Stop a snack e dolciumi a portata di mano davanti alle casse dei supermercati nel Regno Unito. È quanto annuncia il governo britannico annunciando il nuovo divieto nell’ambito della campagna avviata un anno fa contro il dilagare dell’obesità infantile e giovanile nel Paese.
“Vogliamo dare più potere ai genitori di fare scelte salutari per i loro figli”, ha spiegato alla Bbc il ministro della sanità Jeremy Hunt, promettendo, oltre alla stretta nei supermercati, pure restrizioni più severe sulla pubblicità di prodotti ad alto contenuto di zuccheri in tv e sul web, nonché l’obbligo d’indicare il ‘peso calorico’ dei cibi nei menu dei ristoranti.
L’obiettivo è quello di dimezzare il numero di bambini obesi entro il 2030, considerati i dati allarmanti diffusi per la prima volta dalla Local Government Association (LGA), basandosi sulle statistiche di Public Health England, agenzia del Dipartimento della salute del Regno Unito.
Il 4,1% dei bambini inglesi è severamente obeso nel momento in cui finisce la scuola primaria, cioè a 10-11 anni. Quando cominciano il ciclo scolastico, cioè a 4-5 anni, la percentuale è già del 2,35%. In numeri assoluti, riferiti all’anno scolastico 2016-17, ciò vuol dire che quasi 15 mila bambini severamente obesi su 629 mila a 4-5 anni e oltre 22 mila su 556 mila a 10-11 anni. Aggiungendo ai bambini severamente obesi quelli obesi e in sovrappeso, si raggiunge il 22,5% all’inizio della scuola primaria e il 34,5% alla fine del ciclo scolastico, che è di sei anni.
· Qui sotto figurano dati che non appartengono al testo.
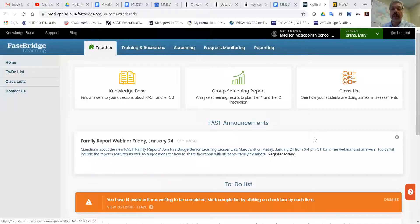So the first thing you'll need to do is log into FAST. Depending on your permission set, you'll have different settings, but this is assuming that you are a teacher.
Alla luce di questi dati, la LGA sollecita azioni urgenti, ribadendo che si tratta di una bomba a orologeria che può costare molti miliardi di sterline in termini di salute pubblica e di costi sociali. I bambini obesi di oggi, infatti, diventeranno gli adulti obesi di domani, i cui anni di vita sana saranno ridotti da una serie di problematiche di salute, tra cui diabete, cancro e malattie cardiache.
I tassi di obesità severa, emerge dai dati, variano significativamente a seconda delle aree dell’Inghilterra e sono più alti tra i bambini che vivono nelle città più povere e nelle minorane etniche, richiedendo quindi maggiori risorse per gli enti locali e l’adozione di interventi più mirati (come una migliore etichettatura di prodotti alimentari e bevande e la possibilità per le amministrazioni locali di vietare la pubblicità di cibo spazzatura vicino alle scuole).